Damit endete die Aufzeichnung abrupt. Mulder wartete noch kurz, ob vielleicht noch etwas folgte, schaltete dann aber aus und sah seine Partnerin an, die kopfschüttelnd in ihrem Sessel saß.

"Da haben wir jetzt aber mal wirklich einen Größenwahnsinnige par excellence und dieser ist nicht einmal besonders einfallsreich. Sein Worte erinnern mich stark an dieses Buch, was ich vor ein paar Jahren gelesen habe .Es wurde auch in der Dokumentation, die wir uns gerade angesehen habe, erwähnt. Eine sehr gute übrigens, sehr informativ und wahrheitsgetreu. Nicht voll von angeblichen Verschwörungen und Mordkomplotte wie die Geschichte, mit der uns ihr 'Informant' beglückt. Wahrscheinlich hat er irgendwie von ihrem Spitznamen, 'Spooky', erfahren und hofft nun, auf diese Weise in die Medien zu kommen. Wir sollten seine Spur verfolgen, wer so vernarrt darauf ist, Aufmerksamkeit zu erlangen, kann schnell auf die Idee kommen, ein Kapitalverbrechen zu begehen, nur um im Lampenlicht zu stehen. Aber seine Behauptungen, und das müssen sie wohl zugeben, sind völlig unglaubwürdig und rechtfertigen in keiner Weise weitere Ermittlungen."
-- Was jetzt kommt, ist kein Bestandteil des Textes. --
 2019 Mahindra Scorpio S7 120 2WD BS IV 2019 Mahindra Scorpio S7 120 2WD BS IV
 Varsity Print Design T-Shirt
Anstelle sich zu rechtfertigen, antwortete Mulder nur: "Ich würde sagen, Scully, sie sollten hoffen, dass nicht ihr Spitzname bekannt wird. Als 'Icelady' können sie sich nämlich garantiert von ihrem täglichen Berg an Liebesbriefen verabschieden."

 

 

X. Drei Stunden später

Drei Stunden später saß Scully alleine - Mulder hatte das Gebäude verlassen, um Mittagessen für Scully und ihn zu holen - an ihrem Computer und schrieb einige Nachrichten in ihren Stammnewsgroups. Im Hintergrund liefen die Lokalnachrichten und berichtete über die zahlreichen Gewalttaten, die sich wieder einmal in der Nacht ereignet hatten. Im Moment war sie damit beschäftigt in alt.revelations.psi eine beherzten Widerspruch zu verfassen.

From : Dana Scully <d.scully@fbi.gov>

Subject : Re: Hütet Euch vor Orden der Galaktischen Erleuchtung!
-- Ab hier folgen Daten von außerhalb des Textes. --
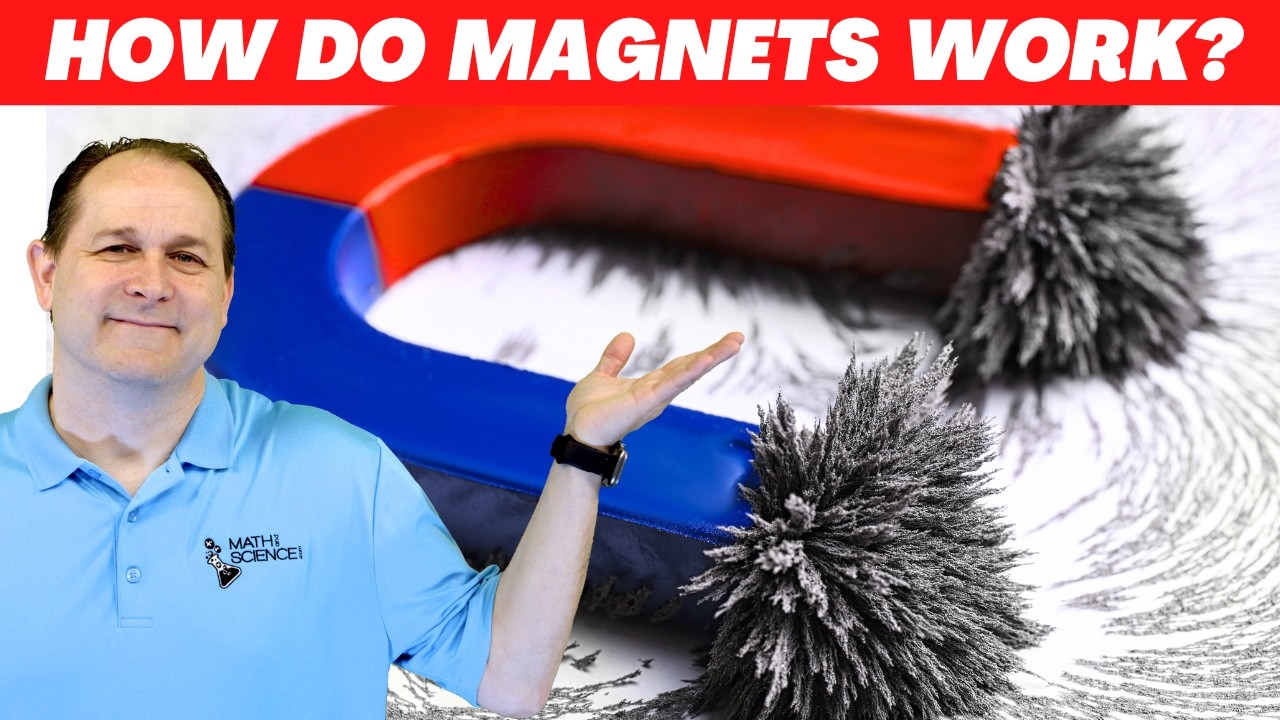 How do Magnets & Magnetic Fields Work?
Newsgroups: alt.revelations.psi

The Revelator wrote :

>Hi Wahrheitsliebende!

Hi Revelator! Ich hatte dich schon fast vermisst. Fast ;-)

>Hier eine ausdrückliche Warnung an Euch alle: Falls ein Mann oder eine Frau von einer Gruppe mit dem Name 'Orden der Galaktischen Erleuchtung' bei euch an die Tür klopft, öffnet AUF GAR KEINEN FALL! Es könnte Euch das Leben retten.

Nun dramatisiert du mal wieder. Ich erinnere mich noch deutlich an deine Mail mit dem Subject 'Psi-Geister saugen euren Geist aus'. Damals hast du behauptet, wir würden alle von Wesen, die von der Astralebene kommen, mental ausgesaugt, wenn wir keine speziellen Schutzamulette anfertigen. Nun, ich trage immer noch nur mein Kreuz und bis jetzt bin ich (und alle anderen, soweit ich das beurteilen kann) noch bei bester geistiger Gesundheit.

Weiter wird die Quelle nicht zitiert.